[Brief descriptive captions]
######

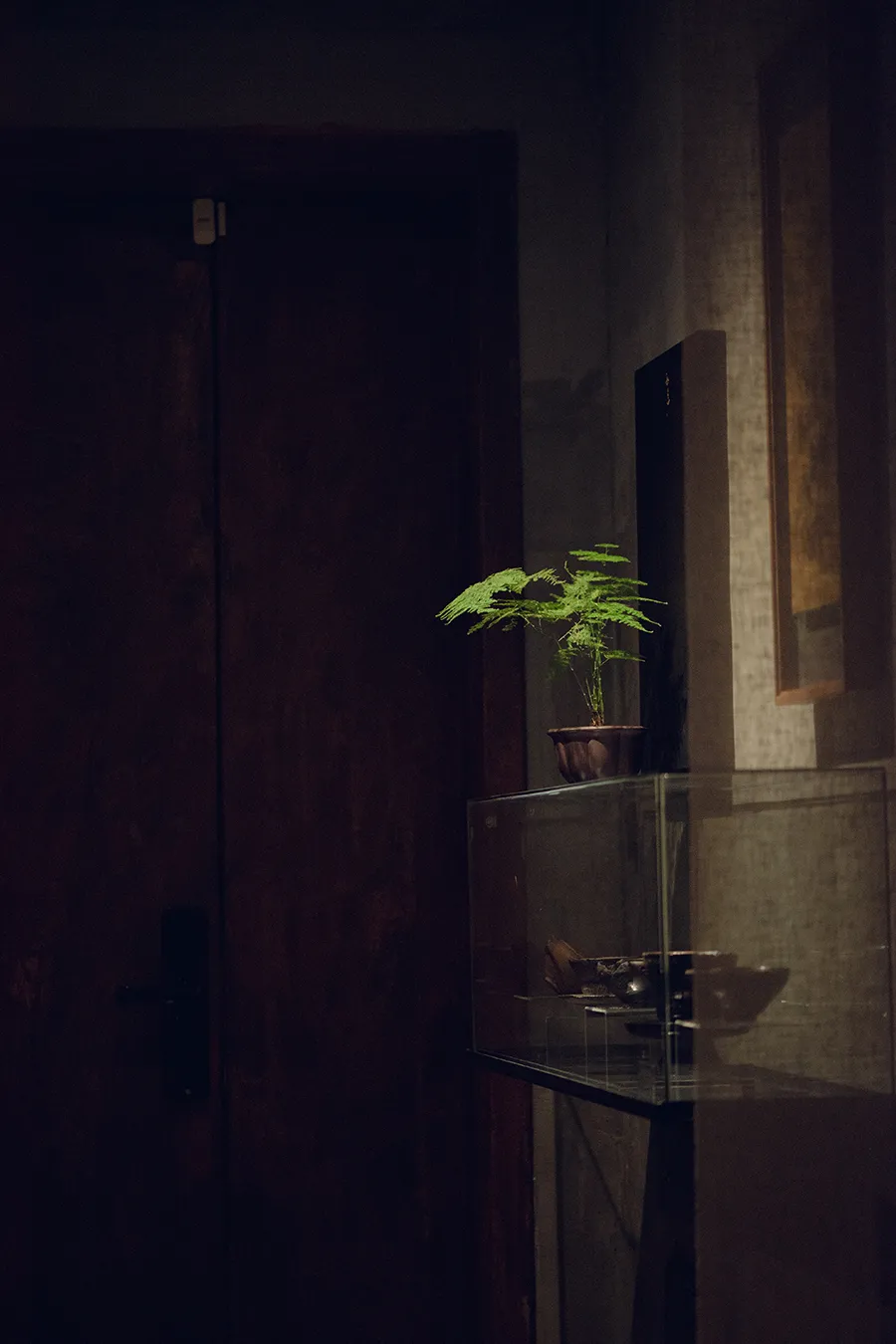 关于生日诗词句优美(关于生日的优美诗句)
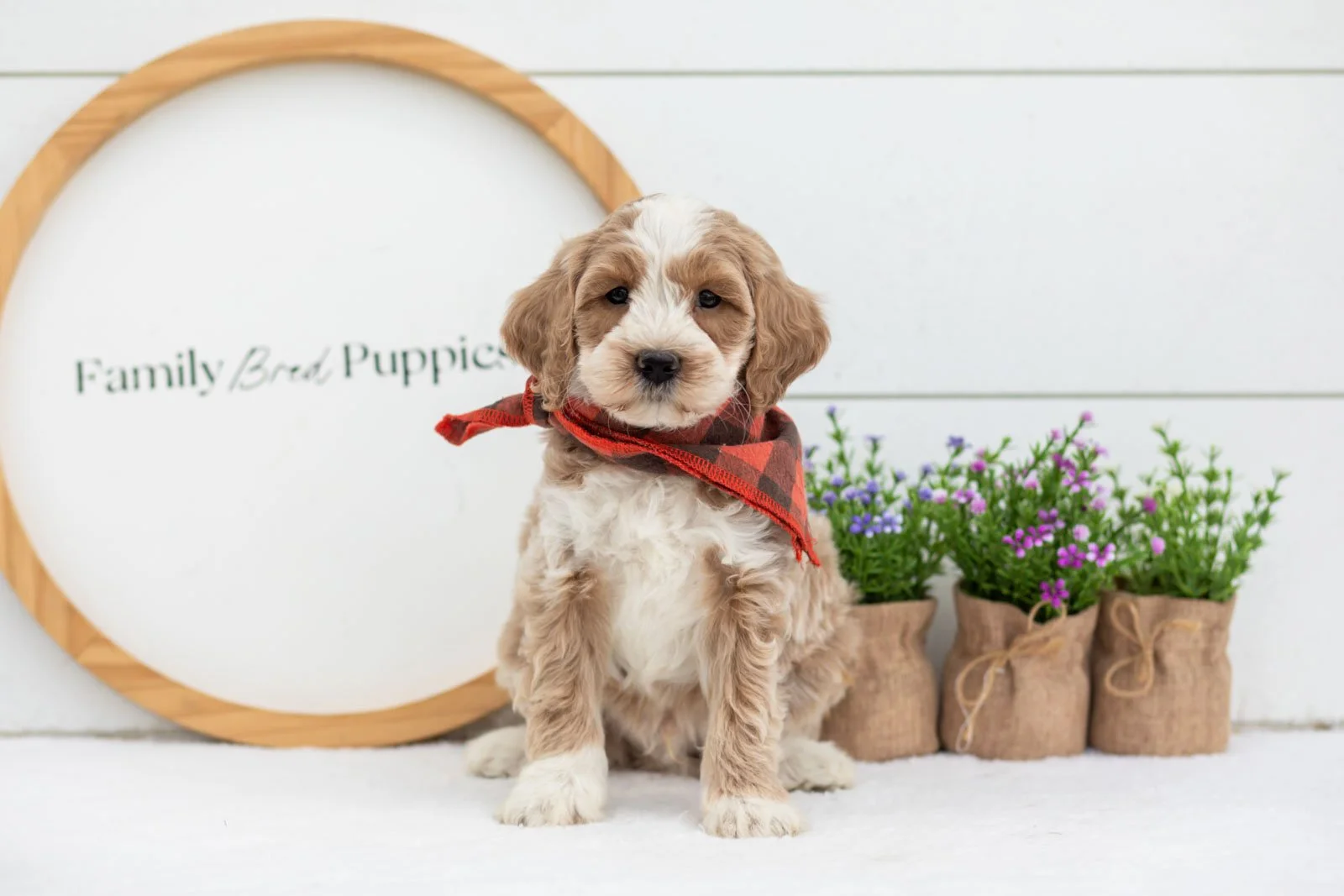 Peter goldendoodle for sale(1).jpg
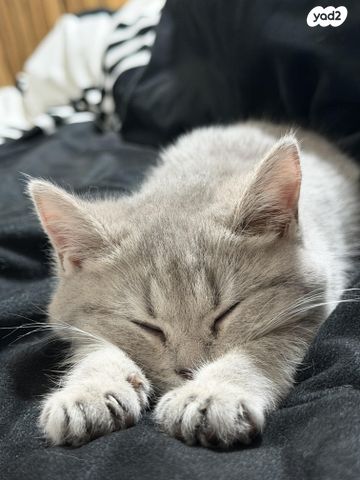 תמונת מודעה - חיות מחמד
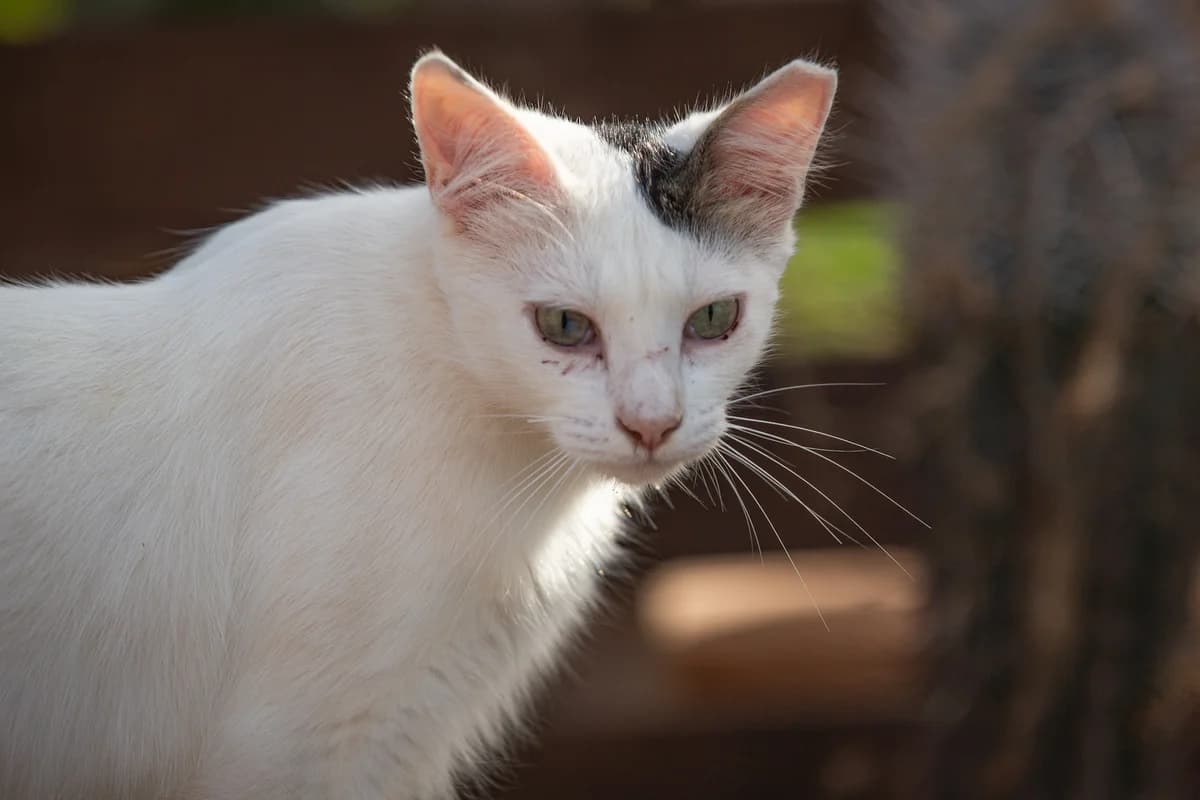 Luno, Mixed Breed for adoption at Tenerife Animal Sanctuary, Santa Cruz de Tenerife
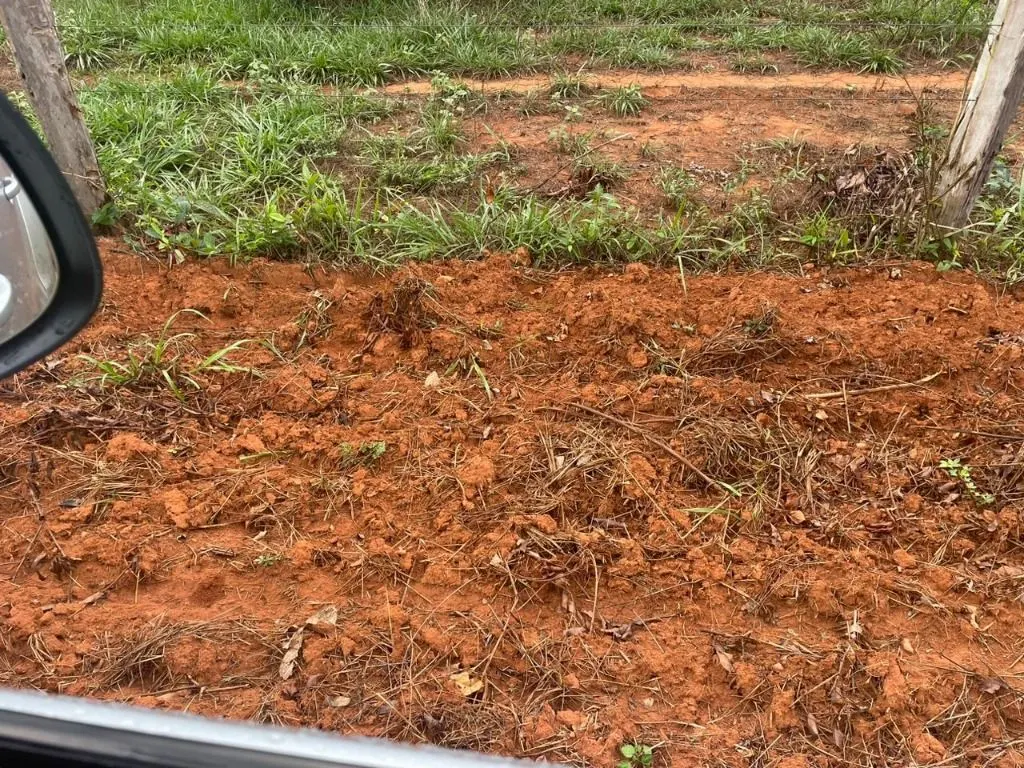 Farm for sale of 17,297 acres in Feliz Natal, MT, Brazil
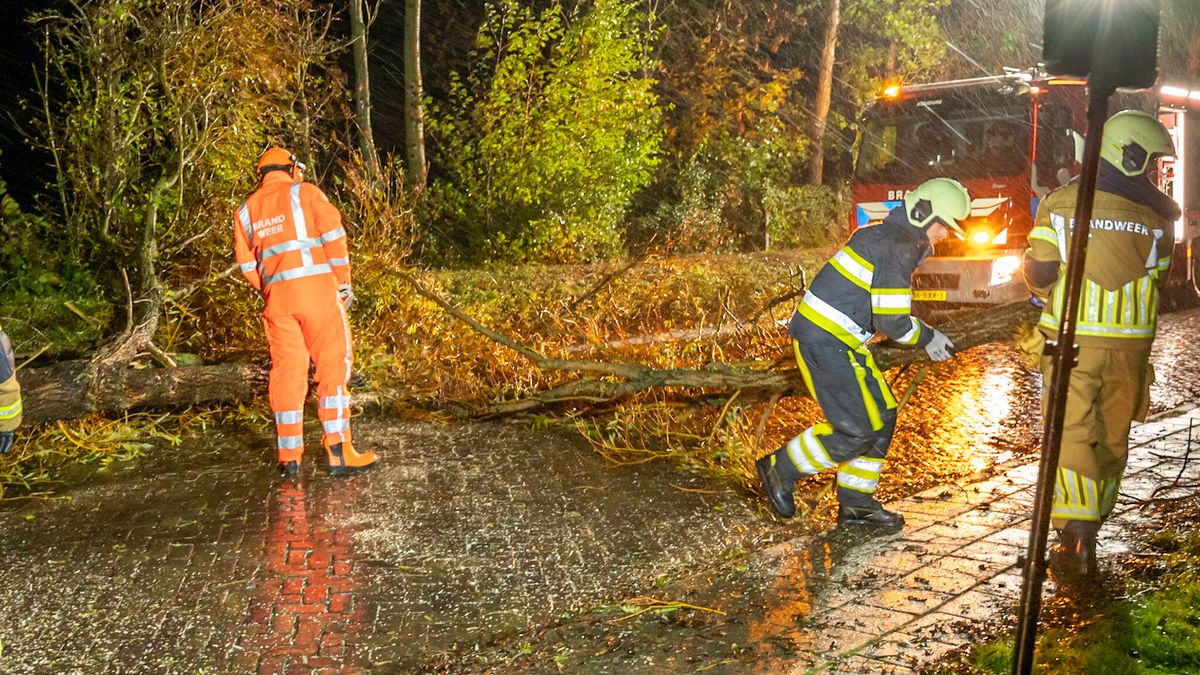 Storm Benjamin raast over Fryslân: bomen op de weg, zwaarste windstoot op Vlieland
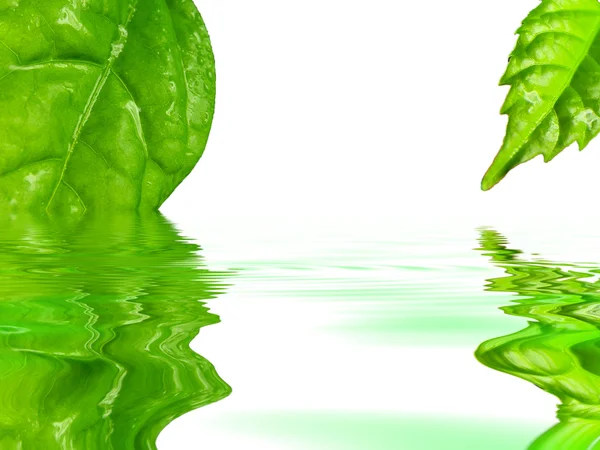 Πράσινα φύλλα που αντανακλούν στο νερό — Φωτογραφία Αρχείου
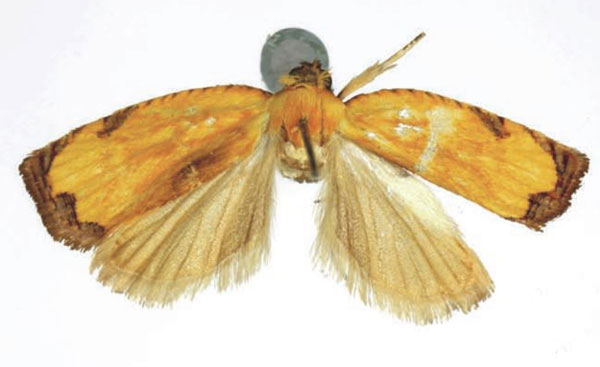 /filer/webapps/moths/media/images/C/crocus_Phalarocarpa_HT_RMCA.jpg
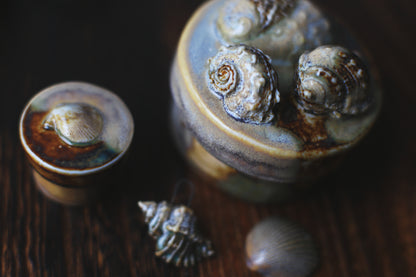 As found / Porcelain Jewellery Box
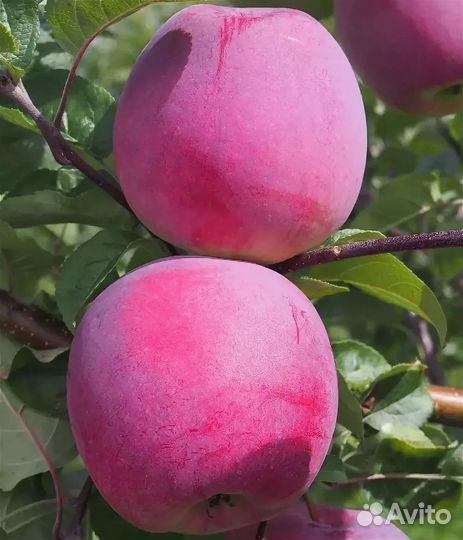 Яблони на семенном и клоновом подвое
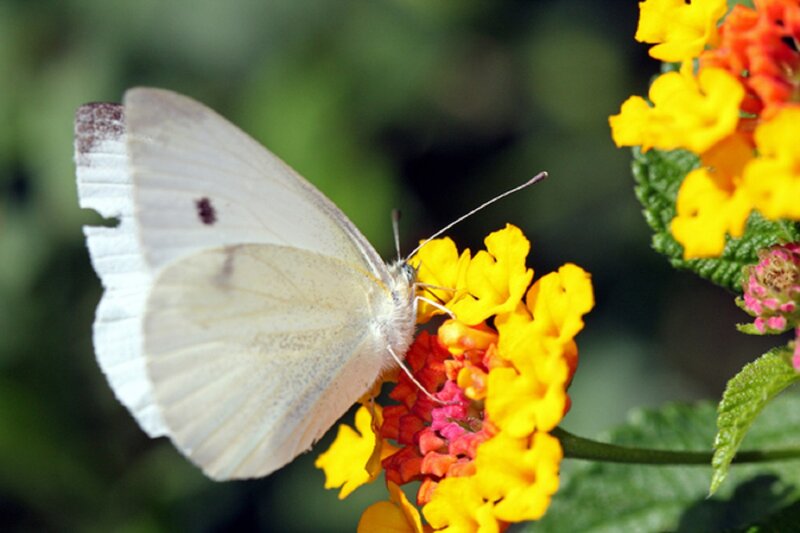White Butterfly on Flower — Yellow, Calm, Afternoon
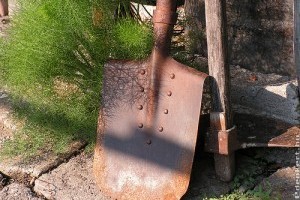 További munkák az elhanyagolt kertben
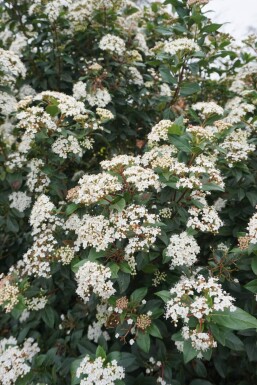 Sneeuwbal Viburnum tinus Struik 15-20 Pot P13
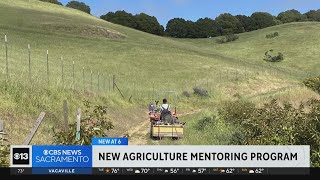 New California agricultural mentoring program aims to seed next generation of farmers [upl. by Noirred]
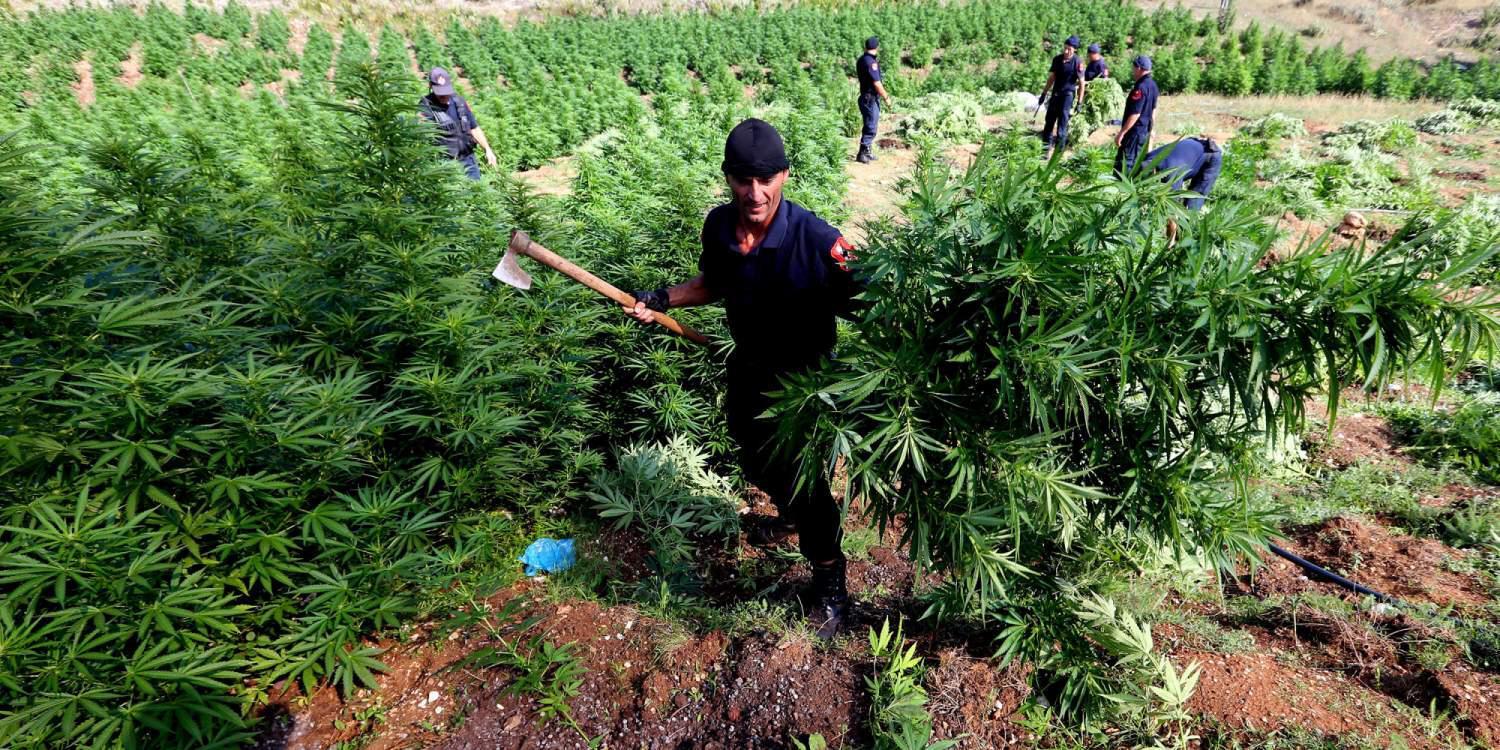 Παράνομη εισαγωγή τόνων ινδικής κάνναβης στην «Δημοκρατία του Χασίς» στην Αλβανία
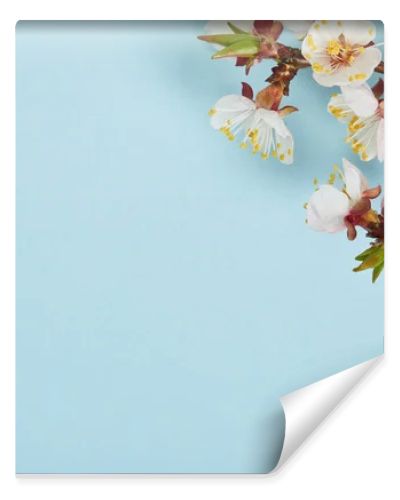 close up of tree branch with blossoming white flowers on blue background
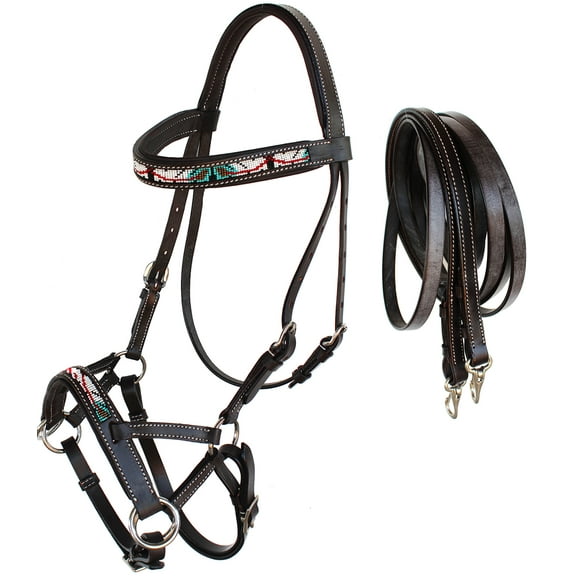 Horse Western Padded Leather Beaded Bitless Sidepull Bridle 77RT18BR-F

######

◆ Task instructions
Reproduce each record above by retyping it exactly; omit all images.

◆ The answer
 关于生日诗词句优美(关于生日的优美诗句)
 Peter goldendoodle for sale(1).jpg
 תמונת מודעה - חיות מחמד
 Luno, Mixed Breed for adoption at Tenerife Animal Sanctuary, Santa Cruz de Tenerife
 Farm for sale of 17,297 acres in Feliz Natal, MT, Brazil
 Storm Benjamin raast over Fryslân: bomen op de weg, zwaarste windstoot op Vlieland
 Πράσινα φύλλα που αντανακλούν στο νερό — Φωτογραφία Αρχείου
 /filer/webapps/moths/media/images/C/crocus_Phalarocarpa_HT_RMCA.jpg
 As found / Porcelain Jewellery Box
 Яблони на семенном и клоновом подвое
White Butterfly on Flower — Yellow, Calm, Afternoon
 További munkák az elhanyagolt kertben
 Sneeuwbal Viburnum tinus Struik 15-20 Pot P13
 New California agricultural mentoring program aims to seed next generation of farmers [upl. by Noirred]
 Παράνομη εισαγωγή τόνων ινδικής κάνναβης στην «Δημοκρατία του Χασίς» στην Αλβανία
 close up of tree branch with blossoming white flowers on blue background
 Horse Western Padded Leather Beaded Bitless Sidepull Bridle 77RT18BR-F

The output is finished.